Directions for this task:
Set the whole listing down again, word for word, with no pictures.

(Beginning of Information provided)

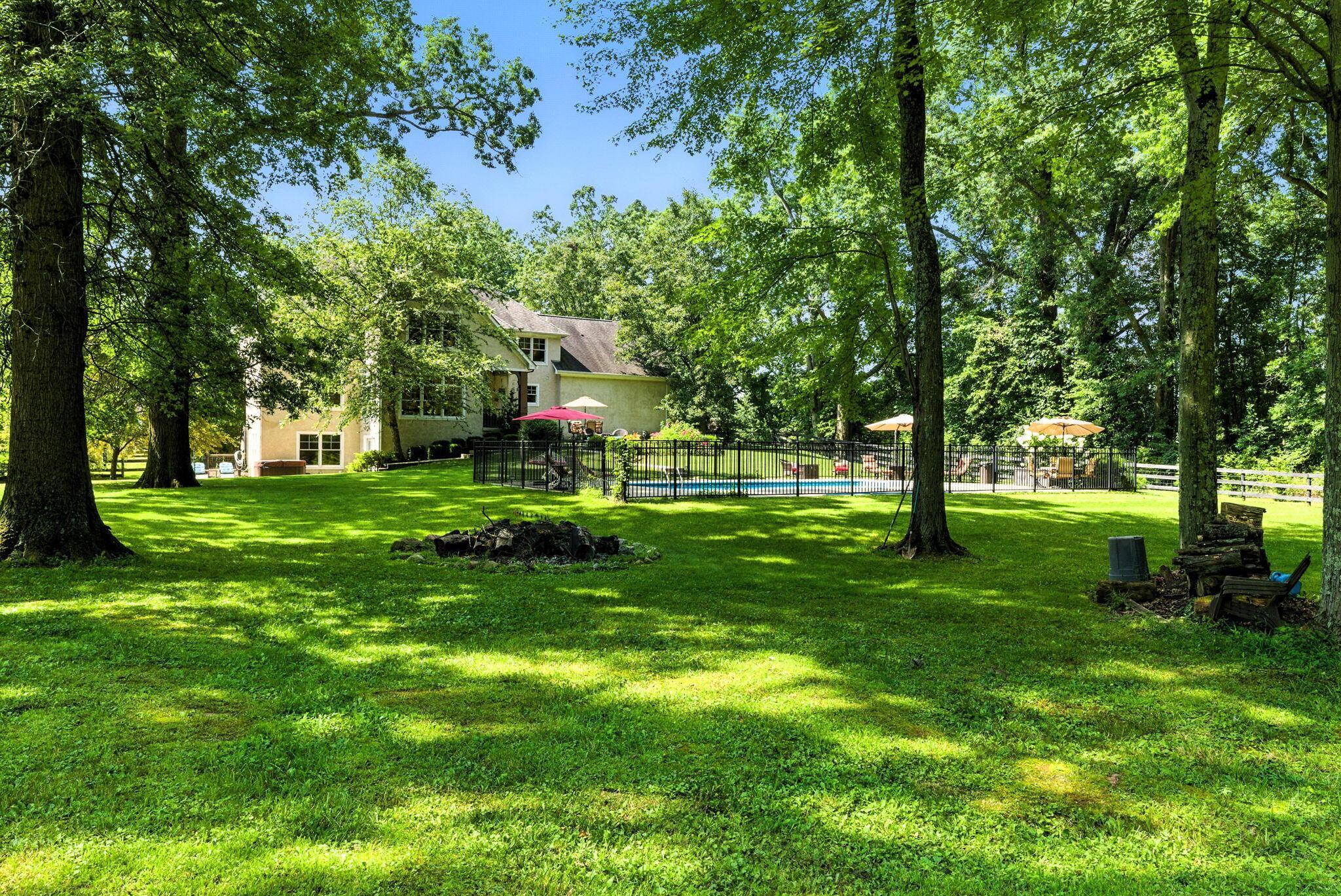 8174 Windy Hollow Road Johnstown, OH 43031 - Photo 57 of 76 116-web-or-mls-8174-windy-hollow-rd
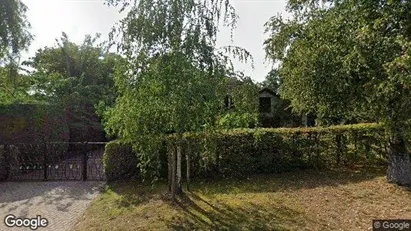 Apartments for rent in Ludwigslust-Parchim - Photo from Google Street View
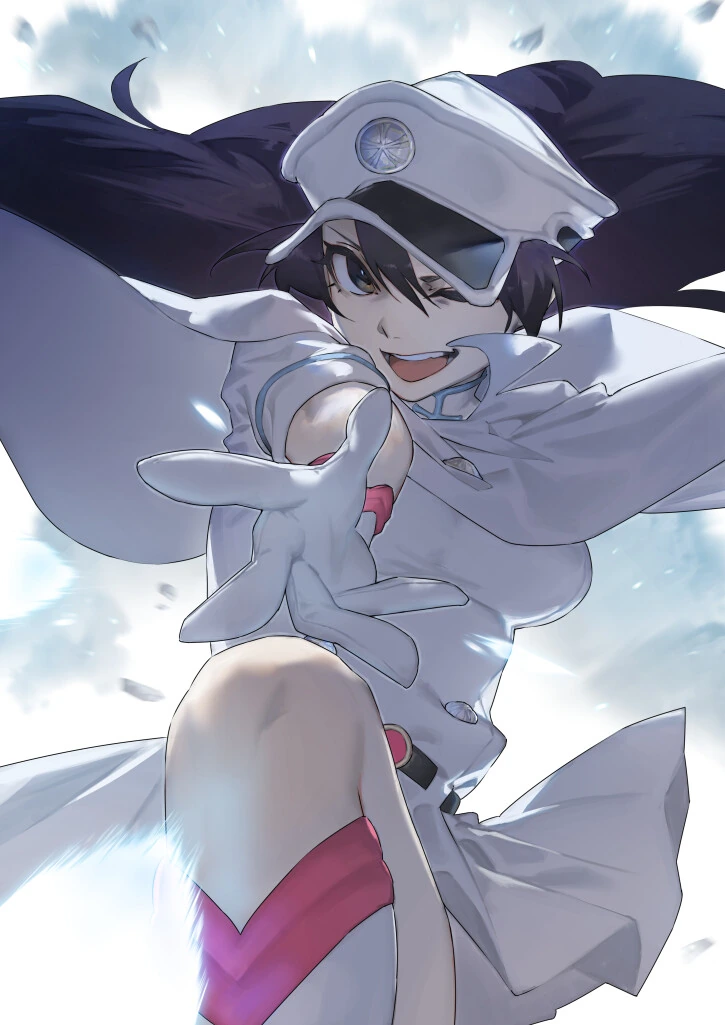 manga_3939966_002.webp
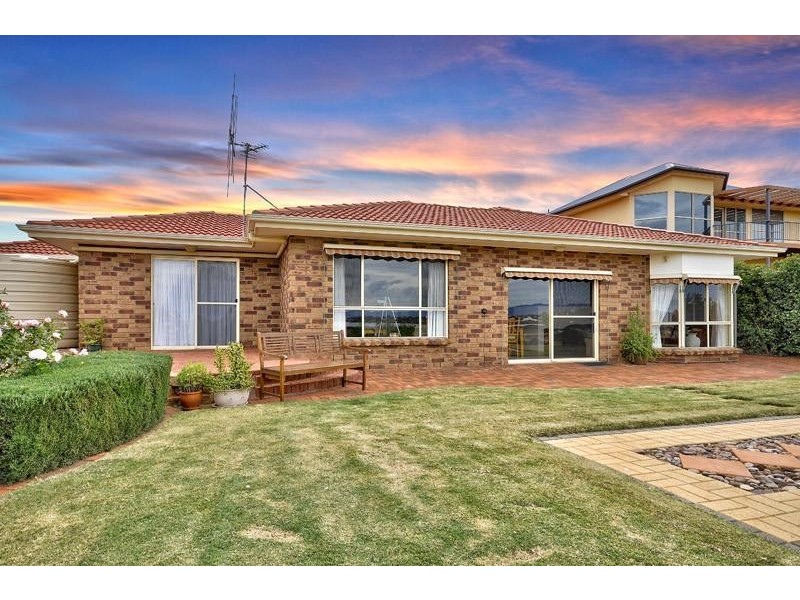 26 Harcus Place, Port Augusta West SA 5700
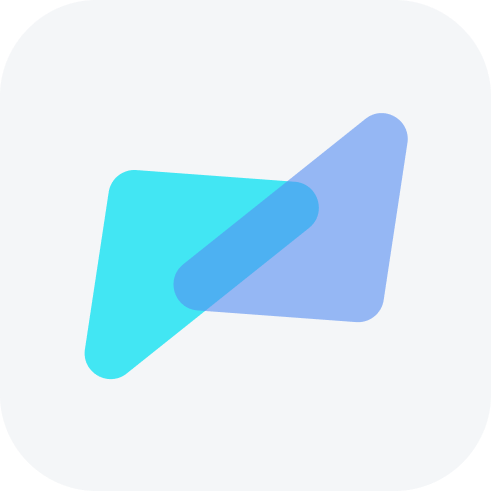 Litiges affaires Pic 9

(End of Information provided)

Task solution:
 8174 Windy Hollow Road Johnstown, OH 43031 - Photo 57 of 76 116-web-or-mls-8174-windy-hollow-rd
 Apartments for rent in Ludwigslust-Parchim - Photo from Google Street View
 manga_3939966_002.webp
 26 Harcus Place, Port Augusta West SA 5700
 Litiges affaires Pic 9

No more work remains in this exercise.